Performance metrics reported were True Positive Rate (TPR), False Positive Rate (FPR), Precision, Recall, and F‑measure. The J48 decision‑tree consistently achieved the highest scores: TPR 97.10 %, FPR 1.60 %, Precision 97.30 %, Recall 97.10 %, and F‑measure 97.10 %. Feature reduction (from 10 to 8 attributes) did not affect J48’s results, indicating robustness to the removal of the packet‑count features. LMT was a close second with a TPR of 96.80 % and an FPR of 3.90 %. Random Forest, K‑NN, MLP, and Bayes Network all fell in the 95–96 % TPR range, with higher false‑positive rates (3–6 %). Training time varied dramatically: MLP required ~48 seconds for the full feature set, while J48 trained in under a second; after feature reduction, J48’s training time dropped to 0.18 seconds, highlighting its efficiency for real‑time deployment.

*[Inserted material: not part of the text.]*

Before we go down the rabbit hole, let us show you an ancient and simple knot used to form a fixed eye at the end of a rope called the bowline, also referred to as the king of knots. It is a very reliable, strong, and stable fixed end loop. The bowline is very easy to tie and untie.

Discussion of Results and Contributions
The authors claim three primary contributions: (a) a comprehensive evaluation of network traffic from nine ransomware families versus benign Windows traffic, (b) a comparative study of six machine‑learning classifiers grouped by algorithmic family, and (c) the extraction and selection of a compact set of nine network‑level features that enable high‑accuracy detection. The reported 97.1 % detection rate with a low 1.6 % false‑positive rate positions NetConverse favorably against prior work that focused on dynamic host‑based features (e.g., EldeRan, UNVEIL) which reported TPRs around 96 % but often with higher computational overhead. The authors also note that their approach can be integrated into existing intrusion‑detection systems (IDS) as a lightweight, flow‑based module.

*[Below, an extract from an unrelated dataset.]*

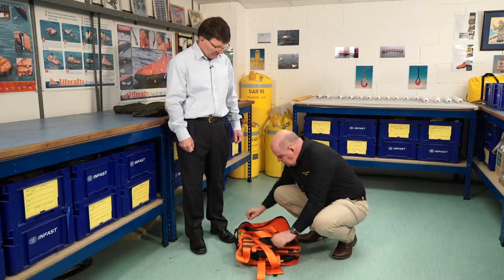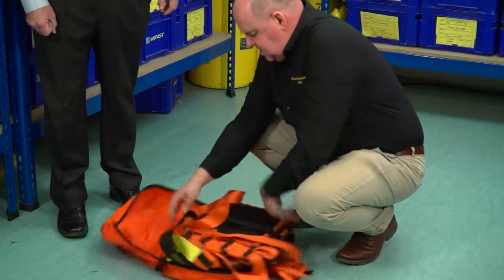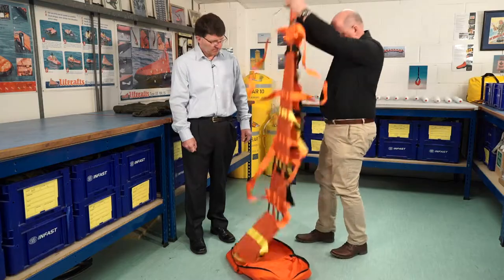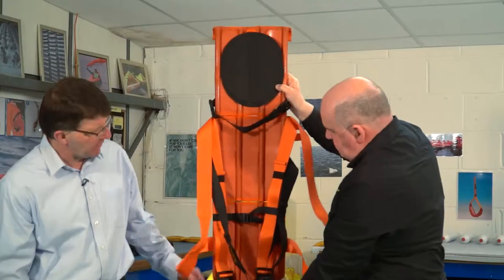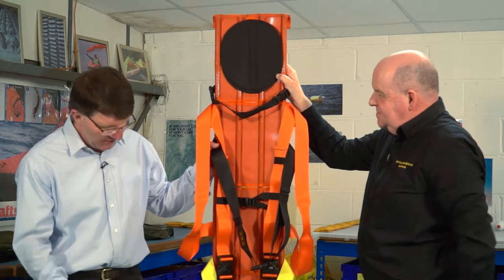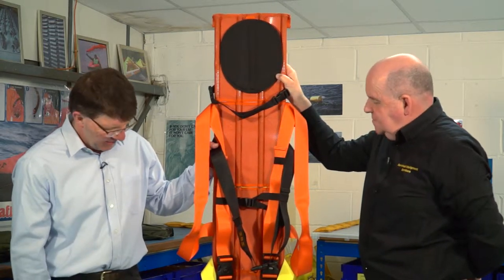I think the point of this is that it's very quick to deploy, is that right? It is, yep. I can leave the bag there. Wow, that is quick to deploy — that was a couple of seconds really, from undoing the zip to actually getting the stretcher out.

Limitations and Future Work
While the results are promising, several limitations are acknowledged. The dataset size is modest (210 malicious samples), and each ransomware family is represented by roughly the same number of samples, which may not reflect real‑world prevalence or the diversity of newer variants. The reliance on IP addresses as numeric features could be brittle against the use of proxies, VPNs, or fast‑flux techniques that mask true C2 endpoints. The experimental environment used virtual machines with limited network complexity; thus, performance on high‑throughput, encrypted, or mixed‑protocol enterprise traffic remains untested. Moreover, the feature set does not include higher‑level protocol metadata (e.g., TLS Server Name Indication, HTTP Host headers) that could improve resilience against traffic‑padding or port‑hopping evasion tactics.

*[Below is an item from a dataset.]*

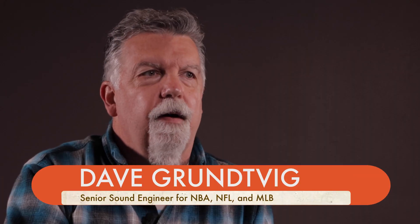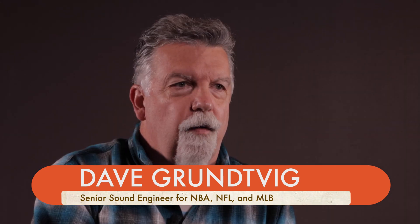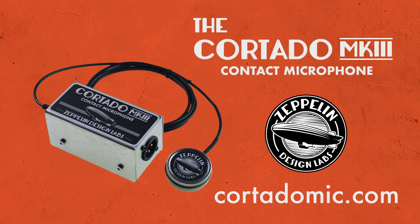At the NBA restart in Orlando in July of 2020, I was fortunate to work with the NBA to do the sound design, and we used 130 Cortado microphones under three courts. I have put them on NFL goal posts, foul poles in Major League Baseball. I've had them on the Green Monster at Fenway and actually had great success.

Future research directions suggested include expanding the dataset with more recent ransomware families and larger sample counts, incorporating temporal and sequence‑based flow features (inter‑arrival times, burstiness), adding encrypted‑traffic‑friendly attributes (TLS fingerprinting, certificate analysis), and exploring online learning or concept‑drift detection to maintain effectiveness as ransomware tactics evolve. The authors also propose investigating privacy‑preserving feature engineering (e.g., hashing IPs) to comply with data‑protection regulations while retaining detection power.

Conclusion
NetConverse demonstrates that a modest set of network‑flow features, when fed to a well‑chosen decision‑tree classifier, can achieve ransomware detection performance comparable to more heavyweight dynamic analysis systems, with the added benefit of low computational cost and suitability for real‑time deployment in network monitoring infrastructures. The study contributes a reproducible methodology, a publicly described dataset, and a clear benchmark against multiple classifiers, laying groundwork for future enhancements that could make network‑based ransomware detection a standard component of enterprise cyber‑defense arsenals.